**TASK OBJECTIVE:** Reproduce exactly the lines from the one containing "PARKSIDE PERFORMANCE® Stavebný" through the last line of the records below, both included. Leave out any pictures.

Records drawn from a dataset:
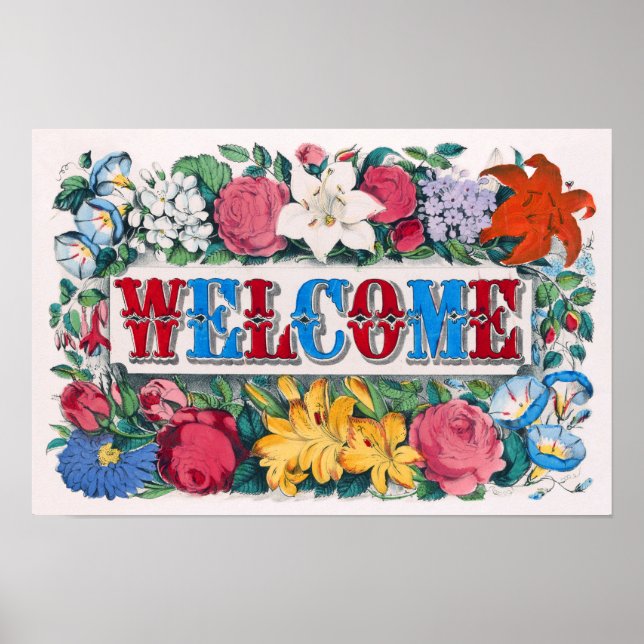 Begrüßung Rose Blumengarten Lilies Poster (Vorne)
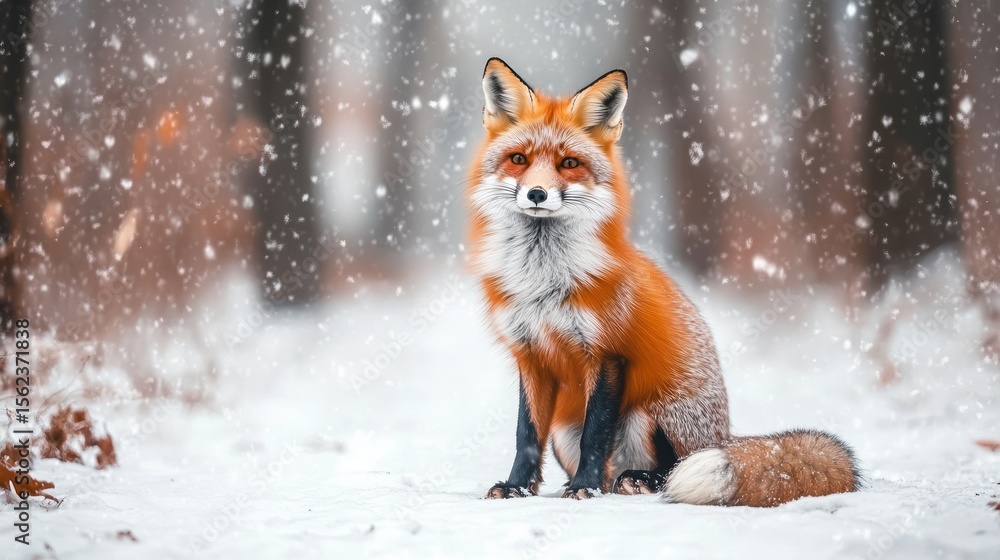 Fototapeta premium Fox in a snowy forest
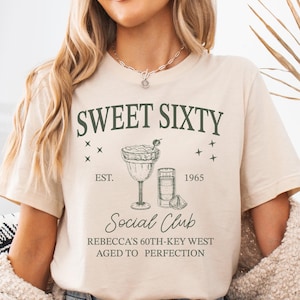 60th Birthday Shirt, Custom Cocktail Club T-shirt, Sixty Matching Girls Trip Sweatshirt, 60th Birthday Party Tee, Custom Sixty Birthday Tees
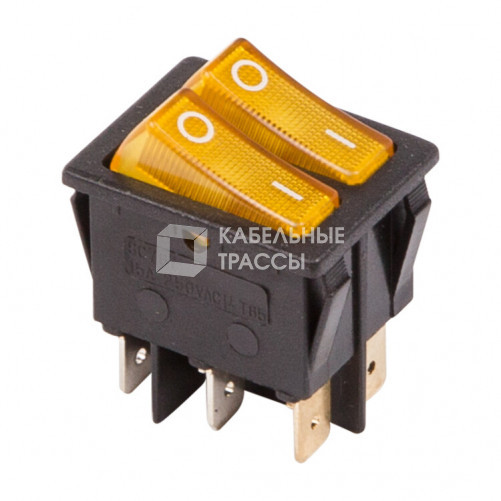 Выключатель клавишный 250V 15А (6с) ON-OFF желтый с подсветкой ДВОЙНОЙ | 36-2413 | REXANT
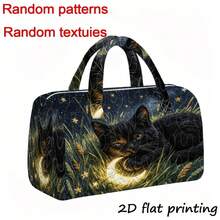 1pc Cat Moon Quilted Tote Travel Bag, Suitable As Holiday Gift For Women, Portable Storage Organizer, Ideal For Weekend Trips, 2D Flat Print Design - No Texture - Multicolor - View 11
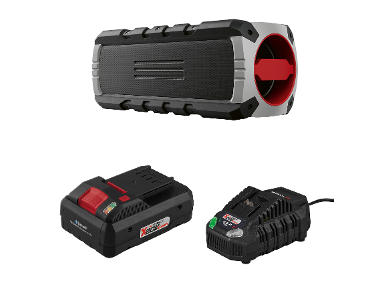 PARKSIDE PERFORMANCE® Stavebný Bluetooth® reproduktor PBL 40 A1 + Smart akumulátor 20 V/4 Ah + Rýchlonabíjačka akumulátora 20 V/4,5 A
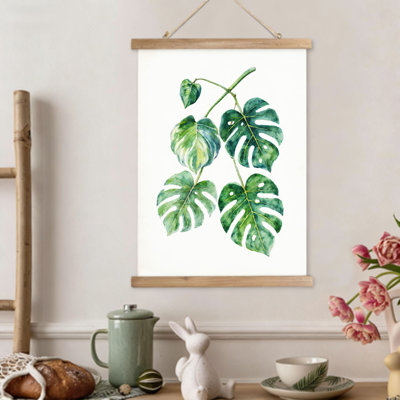 Aquarelle, feuilles de Monstera, art mural à volutes suspendues, cintre en bois intégré, 16 x 24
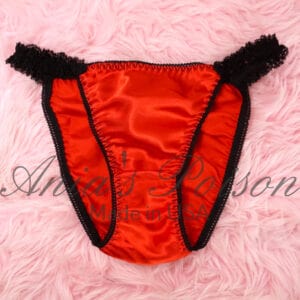 Ania's 80s style Satin Red Classy cut Black Lace shiny string bikini Women's cut panties sz XL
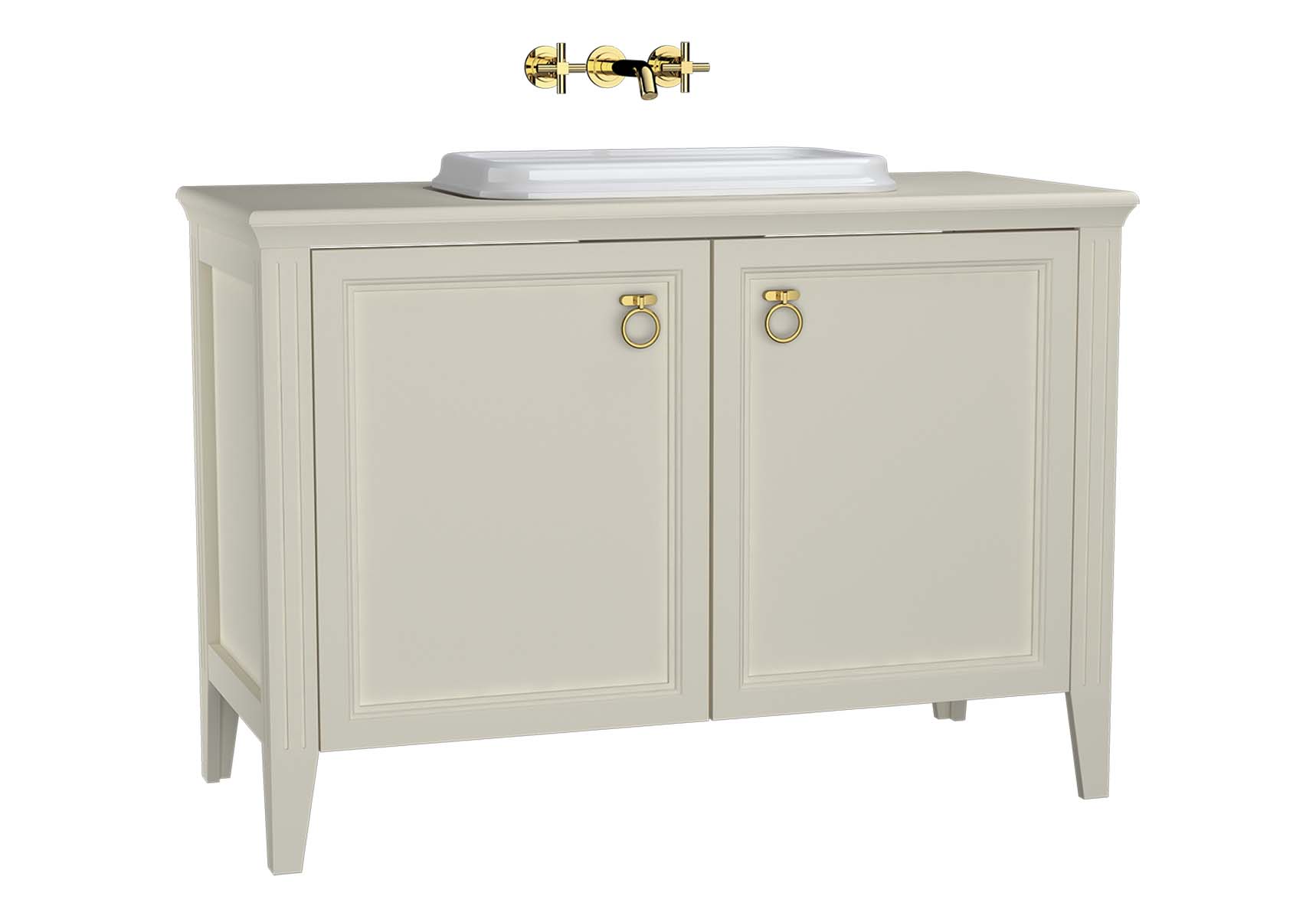 Valarte Washbasin Unit, 120 cm, with doors, with countertop washbasin, Matte Ivory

**RESULT OF THE EXERCISE:**
 PARKSIDE PERFORMANCE® Stavebný Bluetooth® reproduktor PBL 40 A1 + Smart akumulátor 20 V/4 Ah + Rýchlonabíjačka akumulátora 20 V/4,5 A
 Aquarelle, feuilles de Monstera, art mural à volutes suspendues, cintre en bois intégré, 16 x 24
 Ania's 80s style Satin Red Classy cut Black Lace shiny string bikini Women's cut panties sz XL
 Valarte Washbasin Unit, 120 cm, with doors, with countertop washbasin, Matte Ivory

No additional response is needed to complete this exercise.